Don’t you just love those Bud Light “Real Men of Genius” commercials? I love them because they always make me laugh, so here’s my poor attempt at a parody of that famous Bud Light ad campaign called “Springfield Men Of Genius”, starting with Mr. Cow Chip Thrower. I know there are creative people out there in Springfield who can come up with some other great “Springfield Men Of Genius”, so feel free to contribute!
Springfield Men Of Genius – Mr. Cow Chip Thrower
Announcer: Message in a Boggle presents . . . Springfield Men of Genius.
Singer: Springfield Men of Genius . . .
Ancr: Today we salute you, Mr. Cow Chip Thrower
Singer: Mr. Cow Chip Thrower
Ancr: You are dedicated to the amazing sport of flinging dried cow dung as far as humanly possible while surrounded by drunken spectators and local celebrities eating corn on the cob.
Singer: Gotta throw it far, gotta win!
Ancr: You rigorously train year-round to prepare for the once-a-year muck chuck and your chance to be the distinguished champion.
Singer: (farm noises, cow moos) Hurl that manure on the farm, doesn’t smell that bad to me!
Ancr: Lifting weights, perfecting your shotput technique, dulling your sense of smell, learning to pick the most aerodynamic cow chip, constantly striving to achieve ultimate glory and a darn nice trophy!
Singer: Don’t even need no gloves!
Ancr: And your cow pie throwing techniques coupled with your intense concentration are nothing short of brilliant, not to mention your shocking bravery!
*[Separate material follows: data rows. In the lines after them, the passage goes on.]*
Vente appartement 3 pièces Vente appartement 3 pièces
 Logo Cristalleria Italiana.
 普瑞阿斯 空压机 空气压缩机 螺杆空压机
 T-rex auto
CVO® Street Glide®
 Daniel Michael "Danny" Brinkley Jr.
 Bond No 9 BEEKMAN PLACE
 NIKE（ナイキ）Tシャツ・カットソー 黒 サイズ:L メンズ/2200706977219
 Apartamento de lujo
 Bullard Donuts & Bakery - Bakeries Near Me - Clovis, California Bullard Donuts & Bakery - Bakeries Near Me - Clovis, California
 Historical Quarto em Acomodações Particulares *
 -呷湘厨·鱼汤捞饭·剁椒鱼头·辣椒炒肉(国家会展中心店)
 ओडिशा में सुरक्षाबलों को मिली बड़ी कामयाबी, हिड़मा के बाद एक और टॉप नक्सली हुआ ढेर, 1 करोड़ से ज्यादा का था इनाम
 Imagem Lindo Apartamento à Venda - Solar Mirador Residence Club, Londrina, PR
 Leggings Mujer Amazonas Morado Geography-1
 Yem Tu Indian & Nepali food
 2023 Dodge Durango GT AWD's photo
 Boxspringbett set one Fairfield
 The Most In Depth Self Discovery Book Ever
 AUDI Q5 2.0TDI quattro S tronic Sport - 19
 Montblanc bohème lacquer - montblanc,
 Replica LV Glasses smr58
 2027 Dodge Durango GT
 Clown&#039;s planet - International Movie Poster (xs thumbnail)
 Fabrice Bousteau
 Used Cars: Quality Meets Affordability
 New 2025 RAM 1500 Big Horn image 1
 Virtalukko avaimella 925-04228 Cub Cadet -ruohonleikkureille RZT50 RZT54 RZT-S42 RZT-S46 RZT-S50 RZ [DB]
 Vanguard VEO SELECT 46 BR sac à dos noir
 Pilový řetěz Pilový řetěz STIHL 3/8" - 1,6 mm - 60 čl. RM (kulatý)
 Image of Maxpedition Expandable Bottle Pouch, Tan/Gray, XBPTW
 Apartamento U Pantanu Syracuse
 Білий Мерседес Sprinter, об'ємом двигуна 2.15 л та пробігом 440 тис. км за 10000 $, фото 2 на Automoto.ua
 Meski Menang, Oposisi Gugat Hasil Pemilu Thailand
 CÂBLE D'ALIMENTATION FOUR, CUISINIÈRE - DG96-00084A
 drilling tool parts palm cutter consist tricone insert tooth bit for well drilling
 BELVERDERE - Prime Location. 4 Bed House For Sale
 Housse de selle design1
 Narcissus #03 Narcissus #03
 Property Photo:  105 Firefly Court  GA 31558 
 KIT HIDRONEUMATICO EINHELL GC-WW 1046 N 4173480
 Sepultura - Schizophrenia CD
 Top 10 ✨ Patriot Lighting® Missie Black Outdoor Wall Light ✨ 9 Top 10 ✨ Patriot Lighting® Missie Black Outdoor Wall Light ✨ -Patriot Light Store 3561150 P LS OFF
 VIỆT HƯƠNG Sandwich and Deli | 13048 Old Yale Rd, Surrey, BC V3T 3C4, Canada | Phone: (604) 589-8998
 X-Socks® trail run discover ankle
Singer: Shoo, fly, don’t bother me . . .
Ancr: So crack open an ice-cold light beer, Mr. Cow Chip Thrower. We salute you for providing disgusting, filthy entertainment to a twisted and desperatedly jaded audience on a long, hot summer day in the country.
Singer: Go, go, cow chip throw!




Well played. You could probably sell on them on that one.
Springfield Men Of Genius – Mr. Abe Lincoln Impersonator
Announcer: Message in a Boggle presents . . . Springfield Men of Genius.
Singer: Springfield Men of Genius . . .
Ancr: Today we salute you, Mr. Abe Lincoln Impersonator
Singer: Mr. Abe Lincoln Impersonator
Ancr: You are willing to ride on the coat tails of Springfield’s most well-known and beloved son.
Singer: Four score and seven years ago . . . .
Anncr: We admire the lengths to which you must go to actually look like Lincoln – the fake beard and eye brows, the ridiculous hat and clothes, the platform shoes because you’re only 5 foot 2, black hair dye, and of course the belly girdle . . .
Singer: (moaning) I . . . know . . . I can . . . squeeze into this thing!
Anncr: But most of all we respect your ability to make any amount of money off this slight resemblance.
Singer: You look like Abe in a fun house mirror!
Anncr: We know that it must get old portraying a man who has been dead for nearly one hundred fifty years, but you tirelessly continue gig after gig, flubbing his historic speeches and rewriting the past with your foggy recollections.
Singer: The civil war and slavery? Not really that big of a deal as I recall . . .
Anncr: We look forward to all the city festivals and events, because we know that we can count on you to be there, representing one of our nation’s greatest presidents and Springfield’s greatest celebrity.
Singer: Anybody up for going to the theater?
Anncr: So crack open an ice-cold light beer, Mr. Abe Lincoln Impersonator. We salute you for your poor imitation of a great man.
Singer: See you again soon on Lincoln’s birthday!